## RECORDED DATA
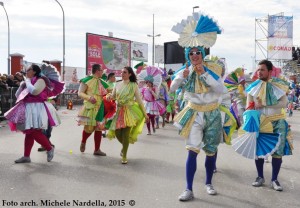 Domenica di Carnevale con la prima Gran Parata del 62º Carnevale di Manfredonia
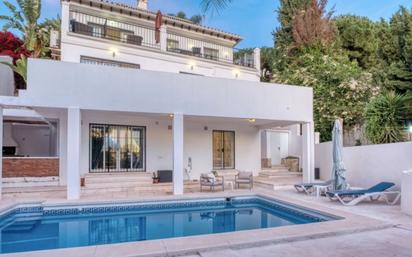 Vista exterior de Casa o xalet en venda en Mijas amb Aire condicionat, Terrassa i Piscina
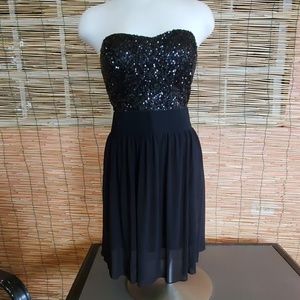 5x$15 Mint Green Sequen Black Dress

## WHAT IS BEING ASKED
Return exactly the lines from the line with "Vista exterior de" through the last line of the data above, both included; pictures do not go in the answer.

## RESULT FOR THIS TASK
 Vista exterior de Casa o xalet en venda en Mijas amb Aire condicionat, Terrassa i Piscina
 5x$15 Mint Green Sequen Black Dress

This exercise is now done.